Please transcribe exactly the line that holds "Luxurious Contrast Color" and all lines that follow it to the end of the records below, omitting any pictures.

(Captioned web image data)
+ + + + + + +

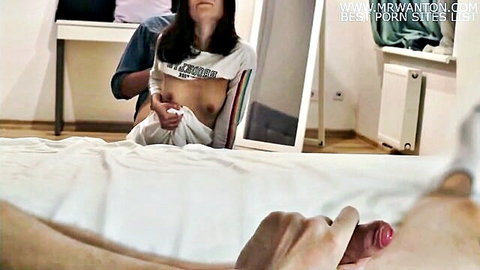 Cuckold husband watches bull's thick cock tip pressing against Italian wife's wet pussy and exposed tits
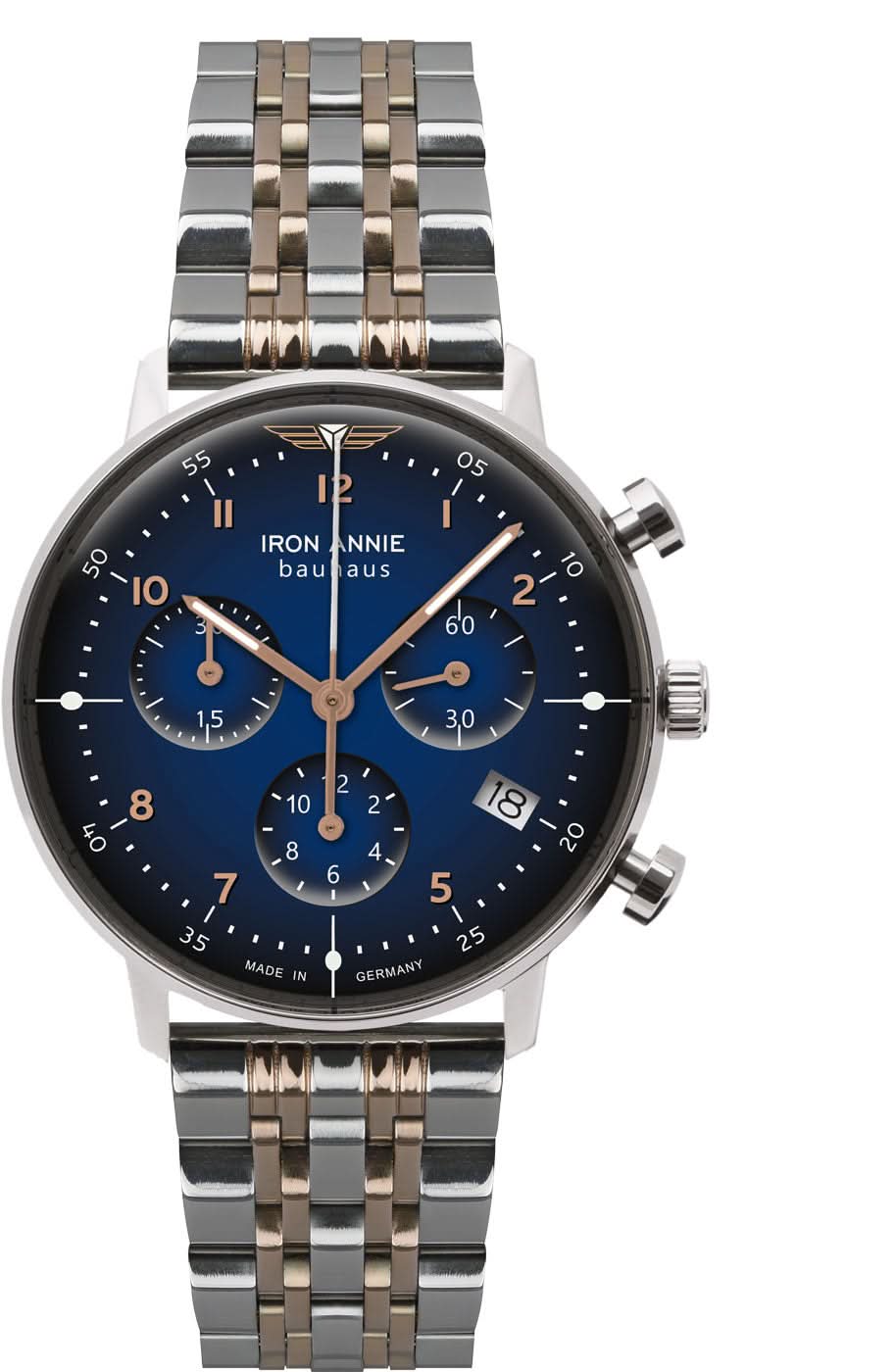 Reloj cronógrafo Iron Annie para mujer con esfera azul, correa de acero inoxidable con detalles dorados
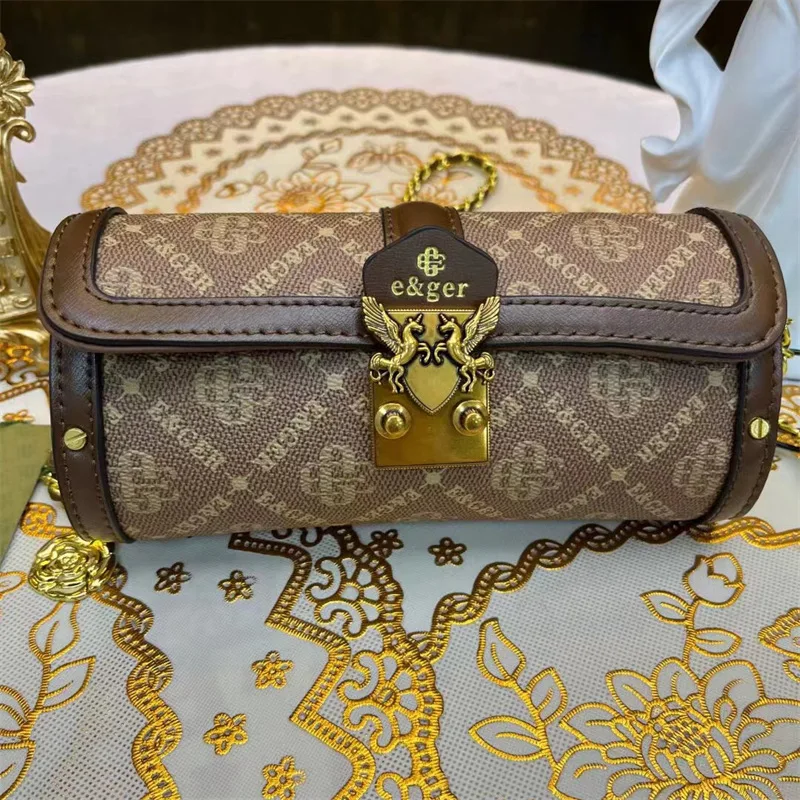 Luxurious Contrast Color Lock Chain Cylinder Bag Women's Small Handbag 2023 New Versatile Single Shoulder Satchels Sac Channels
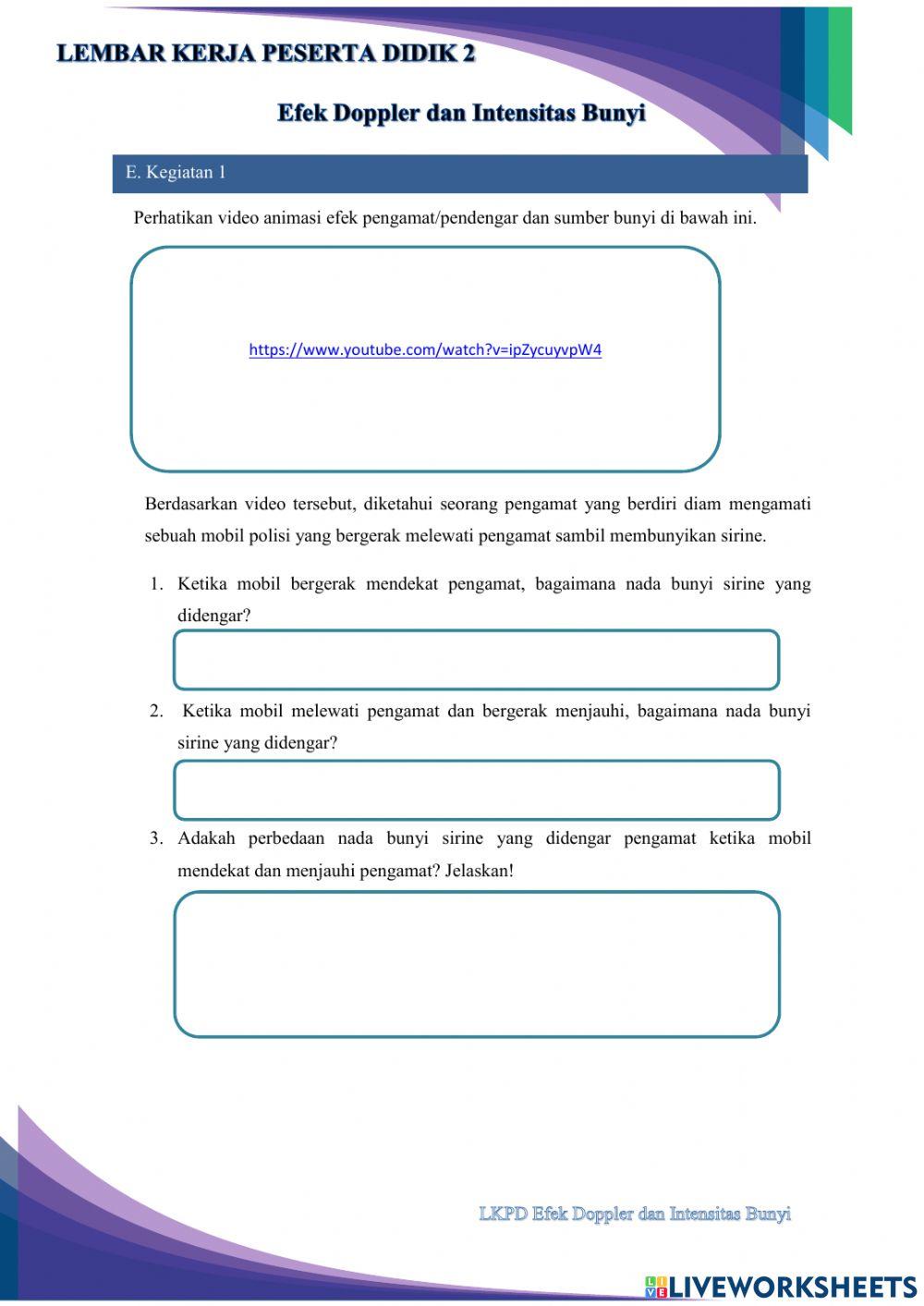 Efek doppler dan intensitas bunyi
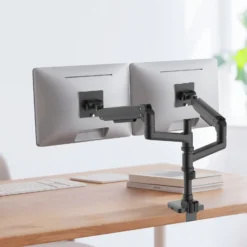 Wiltec Zweifach Monitorhalterung mit VESA-Platte für flache & gebogene Monitore, Bildschirmhalterung bis 20 kg, Monitorhalter mit Tischklemme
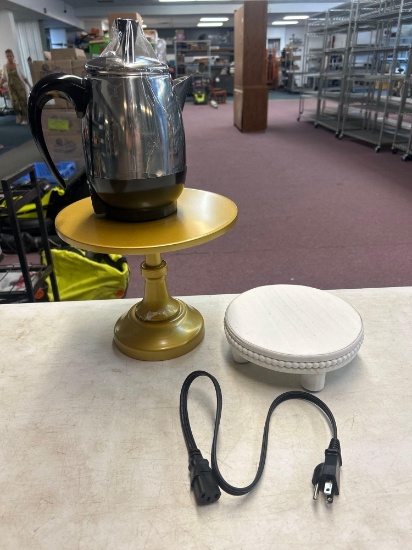 farberware percolator and cake stand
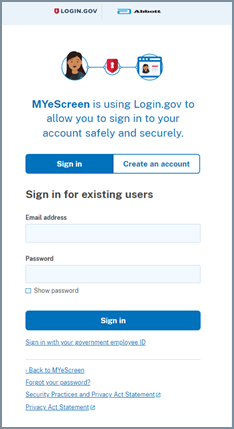 Login.gov screen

+ + + + + + +

- **Task answer**:
 Luxurious Contrast Color Lock Chain Cylinder Bag Women's Small Handbag 2023 New Versatile Single Shoulder Satchels Sac Channels
 Efek doppler dan intensitas bunyi
 Wiltec Zweifach Monitorhalterung mit VESA-Platte für flache & gebogene Monitore, Bildschirmhalterung bis 20 kg, Monitorhalter mit Tischklemme
 farberware percolator and cake stand
 Login.gov screen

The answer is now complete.